CGST Offices to Remain Open on 29th to 31st March 2025: CBIC has issued a directive that all field formations of the Central Goods and Services Tax (CGST) will remain open and operational on 29th, 30th, and 31st March 2025. These dates, falling at the end of the financial year, will be treated as regular working days to facilitate seamless operations and timely compliance by taxpayers. (CBIC Directive Dated 28/03/2025)
SC, Charger not to be taxed separately when it is sold with cell phone: Case of Naresh Kumar Gupta vs State of Punjab, SC Judgement Dated 20th February 2025. The Apex Court held that when a cell phone is sold along with a charger, then, charger cannot be taxed separately under Uttar Pradesh Value Added Tax Act, since there is only one MRP. (SC Judgement Dated 20/02/2025)
SC, Right to correct clerical GST errors integral to business, software limits not justifiable: Case of CBIC vs Aberdare Technologies Pvt Ltd, SC Judgement Dated 21st March 2025. The apex court highlighted that denying input tax credit (ITC) due to clerical mistakes places an undue financial burden on the purchaser, who is forced to pay taxes twice despite having already fulfilled their tax obligations.
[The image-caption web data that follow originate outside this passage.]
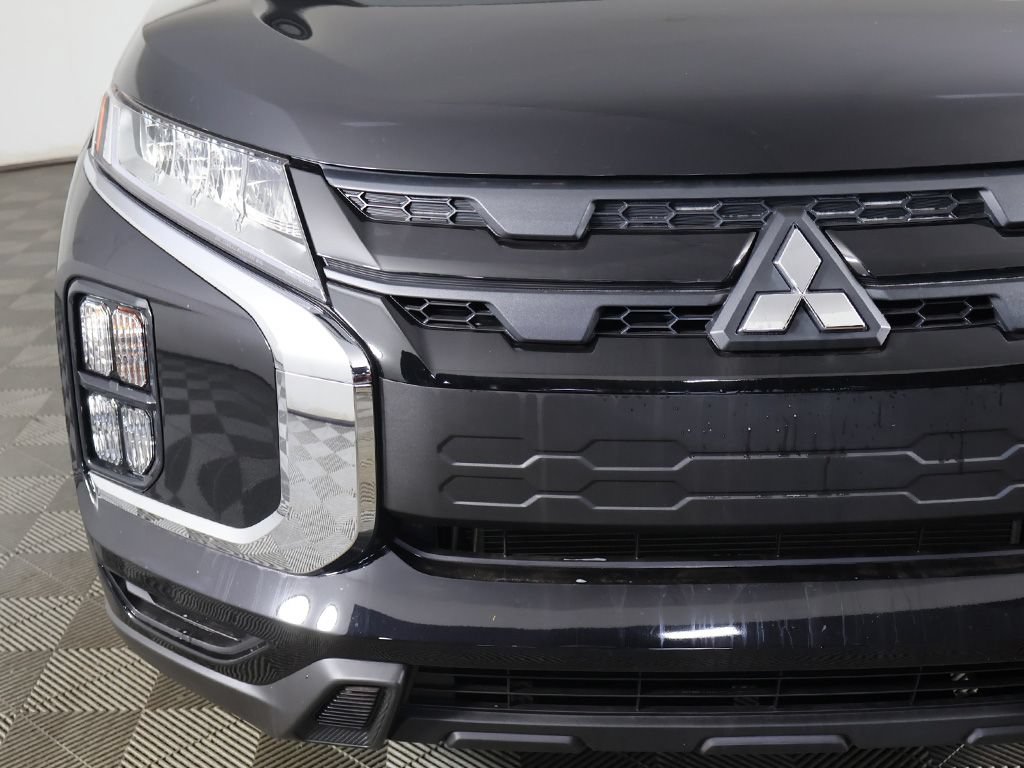 New 2027 Mitsubishi Outlander Sport LE AWD/4WD image 10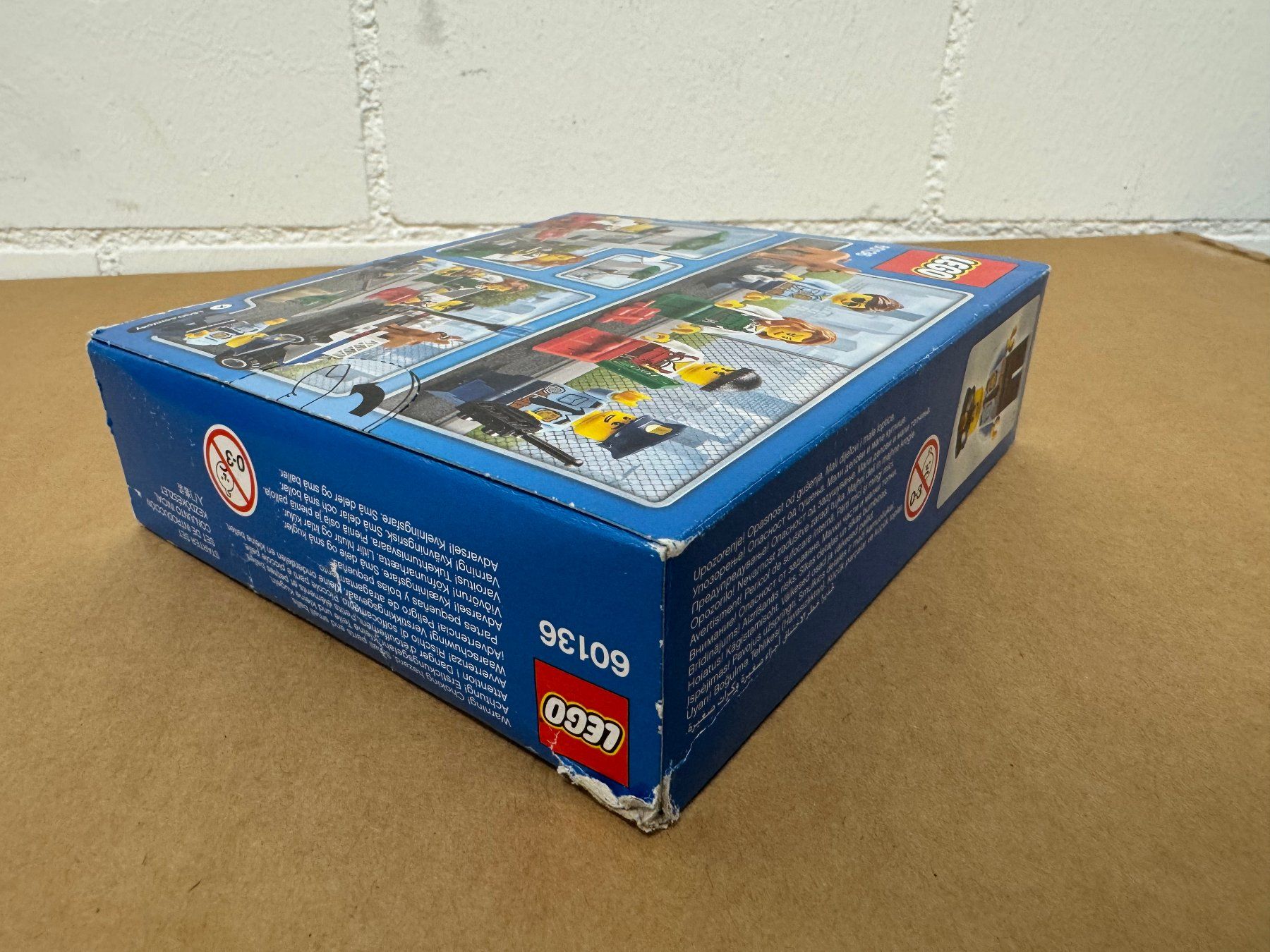 Lego Kit di costruzioni: LEGO® City 60136 "Polizei-Starter-Set" – Nuovo e nell'imballaggio originale da Urdorf venduto da cybernoid72 3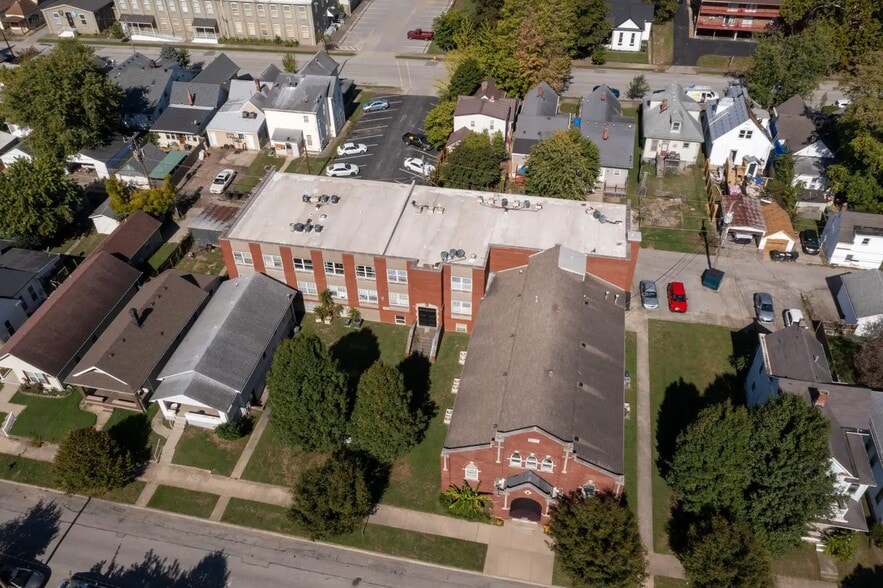 1737 Culbertson Ave, New Albany, IN à vendre - Photo du bâtiment - Image 3 de 15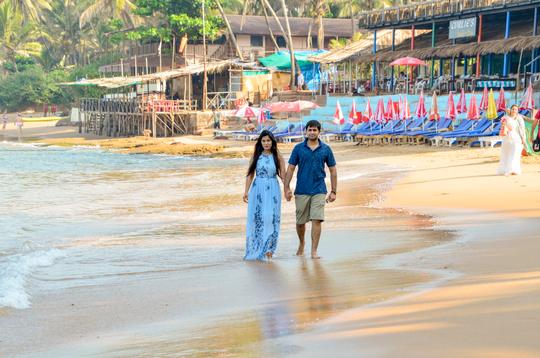 Romantic Couple Photoshoot Image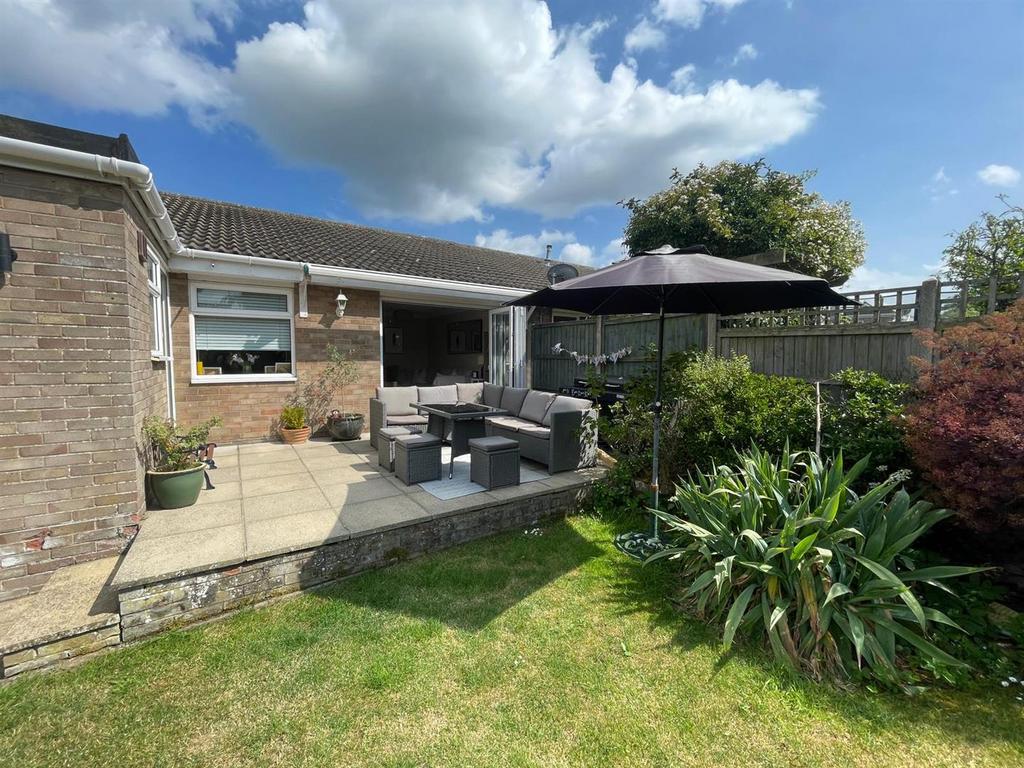 Dukes Drive, Halesworth 2 bed semidetached bungalow for sale £280,000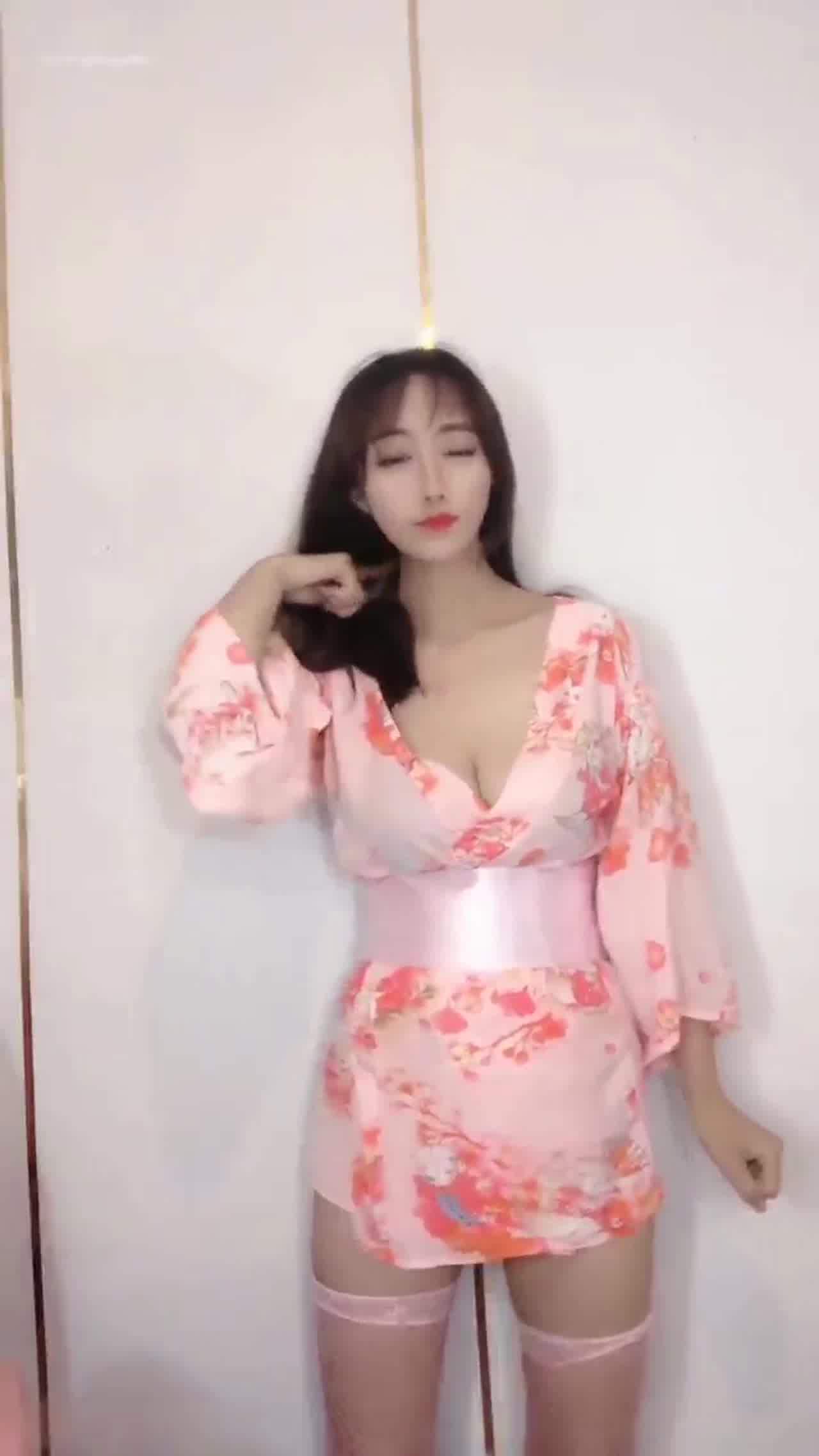  依依 性感小姐姐姐穿着和服扭动身材 的剧照4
The court observed that human errors are natural and occur on both taxpayers’ and the revenue’s side. Hence, allowing corrections in cases of genuine mistakes should be considered a fundamental business right, rather than being unreasonably restricted. SC rejected the justification of software limitations as a reason for denying correction rights. It pointed out that compliance software should be designed to facilitate rectifications, rather than becoming an obstacle. All pending applications in the matter were disposed of accordingly. (SC Judgement Dated 21/03/2025)
C. Central Excise
No Notification/ Circular during the week.
D. Custom Duty
Customs Duty on Import of Bengal Gram (Desi Chana) amended: The Notification amend prior notifications 11/2028 and 11/2021 to impose a total import duty of 10% on Bengal gram (desi chana) under HS code 0713 20 20. The changes involve the inclusion of the HS code in the former notification table and replacing the “Nil” duty rate with 10% in the latter notification. (Custom Notification 20/2025 (T) Dated 27/03/3025)
Amendment in Import Duty notification 22/2022: The Notification amend previous notification No. 22/2022 dated 30th April 2022, which provide exemptions for certain goods imported from UAE. It substitute Table I of the principal notification. (Custom Notification 21/2025 (T) Dated 28/03/3025)
Amendments in Import Duty notification 25/2021: The notification amends previous Notification No. 25/2021 dated 31st March 2021 which provide exemptions for certain goods imported from Mauritius. It substitute Table I of the principal notification. (Custom Notification 22/2025 (T) Dated 28/03/3025)
Customs notifies custom stations in Navi Mumbai & Noida: The notification designate Navi Mumbai in Maharashtra and Noida International Airport (Jewar) in Uttar Pradesh as additional customs stations. These locations are now authorized for the unloading of imported goods and the loading of export goods. (Custom Notification 15/2025 (NT) Dated 24/03/3025)
Adjudicating Authority Appointed for SVB Case of Delhi Metro: The notification appoints, Commissioner of Customs, MCH, Mundra, Gujarat, as the Common Adjudicating Authority for the finalization of provisional assessments in the Special Valuation Branch (SVB) case concerning M/s Delhi Airport Metro Express Private Ltd. This move centralizes the handling of multiple show cause notices issued between 2022 and 2024, aiming to streamline the adjudication process. (Custom Notification 16/2025 (NT) Dated 26/03/3025)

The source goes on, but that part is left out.